A new paper in the Proceedings of the National Academy of Sciences utilized collections of old birds from natural history museums to prove that air pollution a century ago was actually much worse than we previously thought. By analyzing the discoloration from soot on the specimens, scientists were able to determine the amount of black carbon that was in the air at the time that the birds lived, and thus make a case for how crucial air pollution policy enforcement has been, and continues to be.
To get their data, co-authors Shane DuBay and Carl Fuldner trudged around in old museum basements looking at collections of over a thousand birds from the last 135 years.

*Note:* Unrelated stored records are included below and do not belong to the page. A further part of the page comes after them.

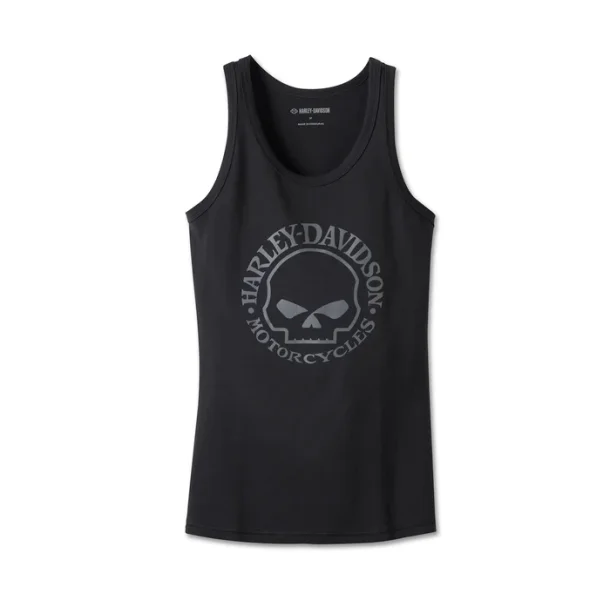 Women's Ultra Classic Skull Tank - Black Beauty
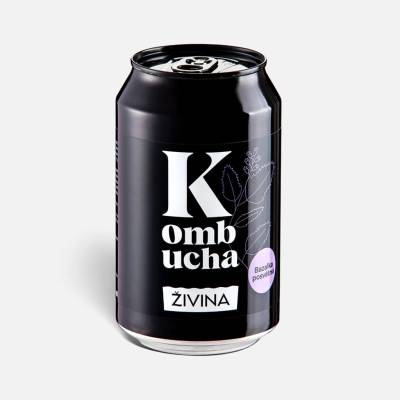 Živina Kombucha Bazalka posvátná 330 ml – Zboží Dáma Živina Kombucha Bazalka posvátná 330 ml – Zboží Dáma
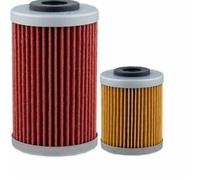 Lot de 2 filtres à huile HF155 HF157 type original HIFLO compatible avec K T M 690 SMC 2008 2009 2010 2011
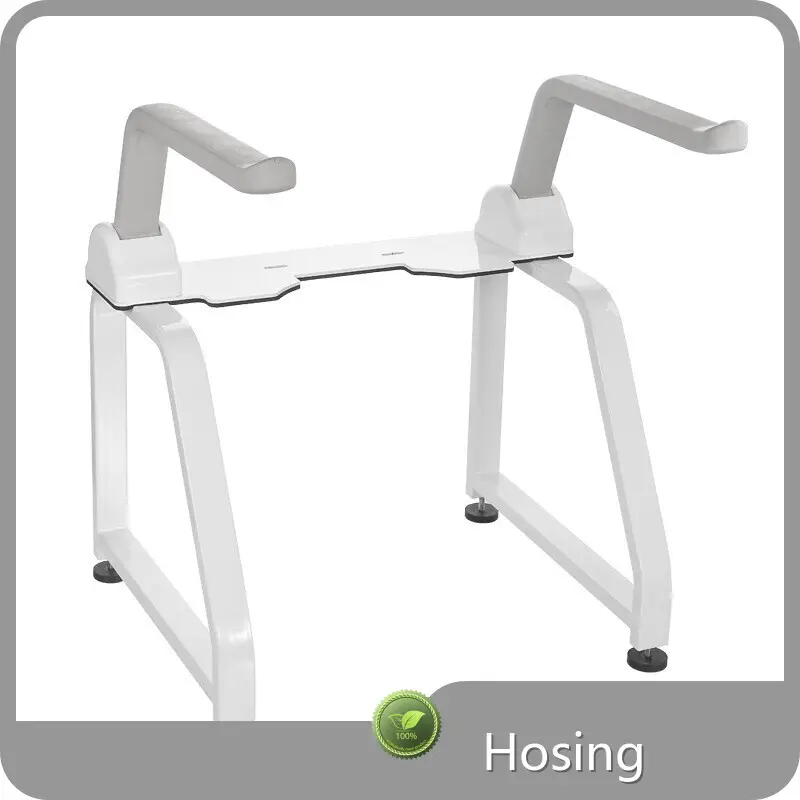 Raised Toilet Seat with Handrails by Hosing 1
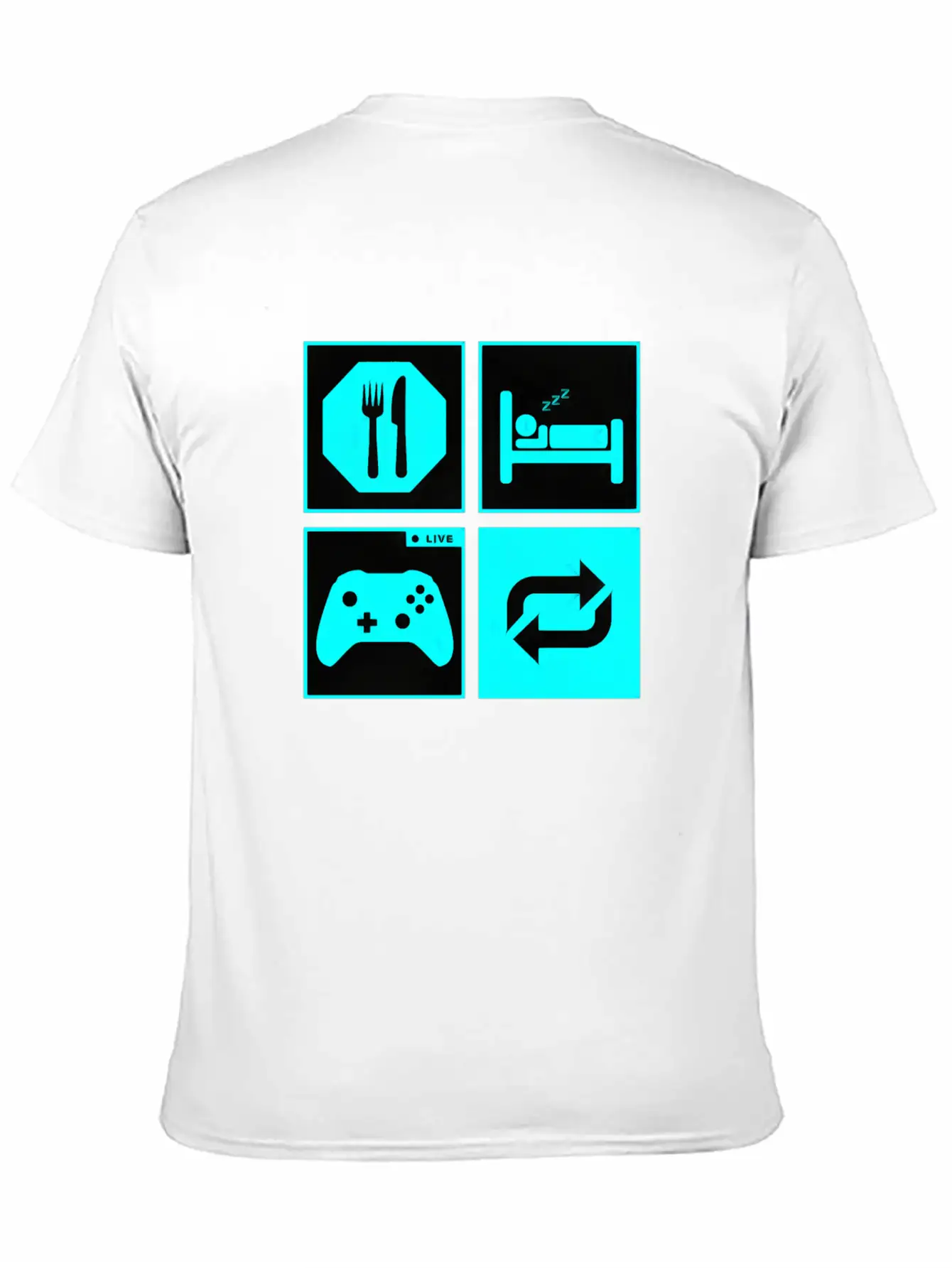 Eat And Sleep Timeless Short Sleeve Tee – Comfy And Minimalist Design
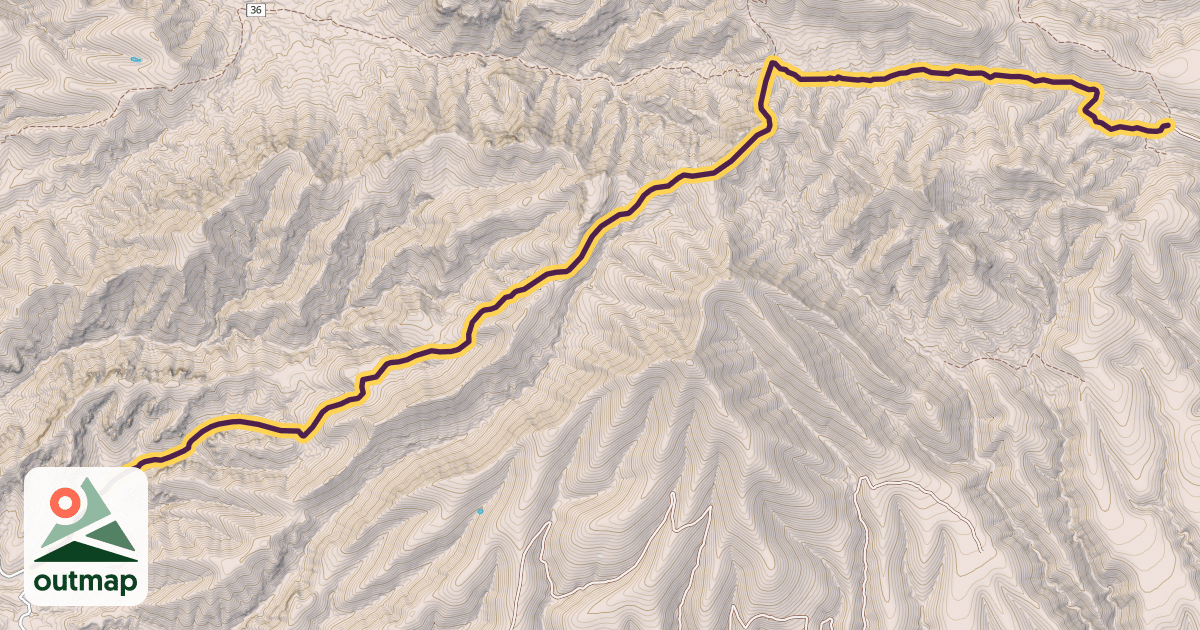 Map of Wildbunch Trail #7
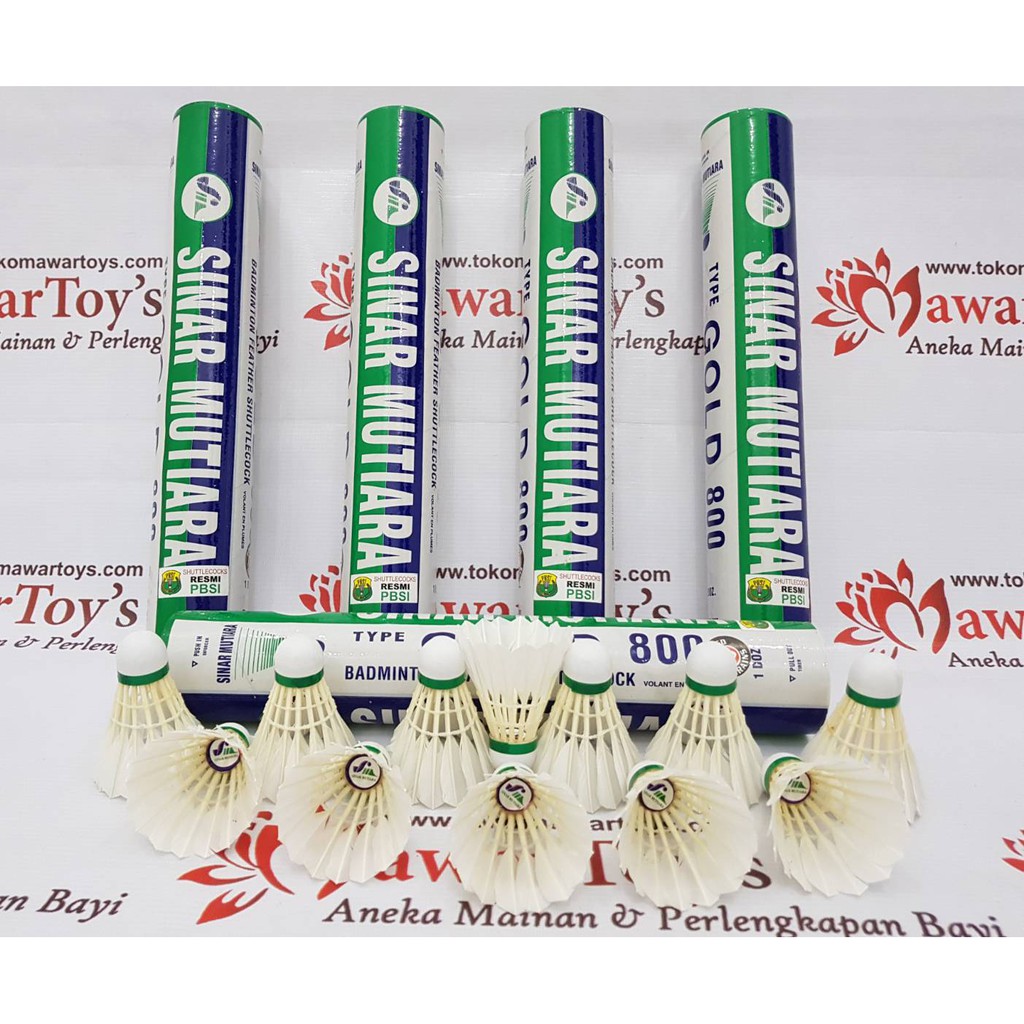 Jual Shuttlecock Kok Badminton Dewasa Profesional Merk Sinar Mutiara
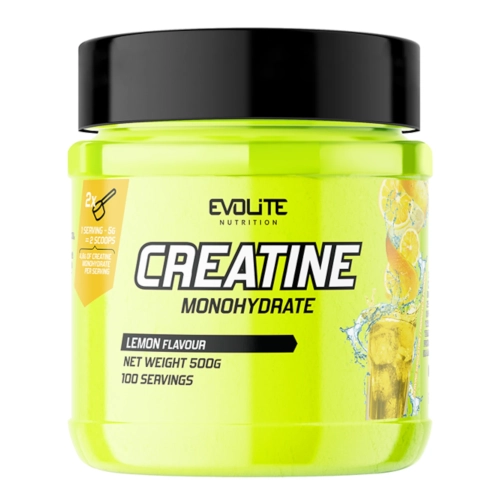 Evolite Creatine Monohydrate 500g Lemon.webp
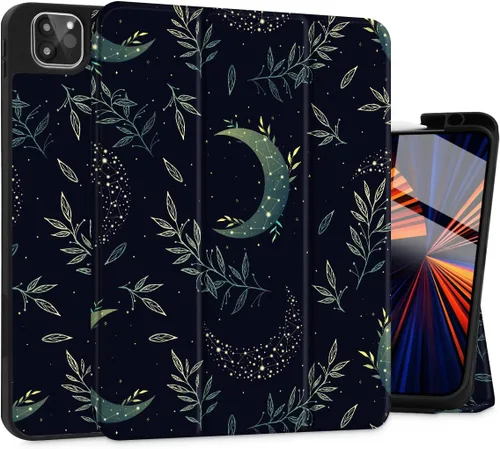 Vista 26 de Funda Tuiklol para iPad Pro de 12.9 pulgadas 2022 2021 2020 2018 6th / 5th / 4th / 3rd Gen Built in Pencil Holder Protective Stand Back Cover with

"The soot on these birds' feathers allowed us to trace the amount of black carbon in the air over time, and we found that the air at the turn of the century was even more polluted than scientists previously thought," says DuBay. "If you look at Chicago today, the skies are blue. But when you look at pictures of Beijing and Dehli, you get a sense of what US cities like Chicago and Pittsburgh were once like," he continues. "Using museum collections, we were able to reconstruct that history."
Looking specifically at the songbirds called Horned Larks, even the untrained eye would notice a difference from today’s living species with those century-old corpses lying in museum cupboards. Those specimens appear dark in color, because the soot clung to their feathers, while the common birdwatcher today could see that the birds are naturally white-bellied with yellow chins.
"When you touch these birds, you get traces of soot on your hands. We'd wear white gloves while handling them, and the gloves would come away stained, like when you get ink on your fingertips reading a newspaper," says DuBay. "These birds were acting as air filters moving through the environment," adds DuBay.
The researchers used a unique method in order to measure the birds’ level of soot: they photographed the birds and measured the light reflected off of them, later plotting the refracted light so that it aligned with the year that the bird was shelved. They then looked at this hard data under a social history light, focusing on how urban air pollution policy changes over the years impacted the plotted points.
What they saw was that the birds’ soot levels closely mirrored the evolving air pollution policies."We were surprised by the precision we were able to achieve," says DuBay. "The soot on the birds closely tracks the use of coal over time. During the Great Depression, there's a sharp drop in black carbon on the birds because coal consumption dropped -- once we saw that, it clicked."
But DuBay cautions that just because the birds are back to their white-bellied and yellow-chinned selves, the US doesn’t deserve a gold star for its efforts to reduce air pollution; it just means that the current pollutants aren’t as sticky or visible as soot. Nevertheless, in some cases, birds can still act as a gage for air pollution - but with a twist. Watch the video below to learn more.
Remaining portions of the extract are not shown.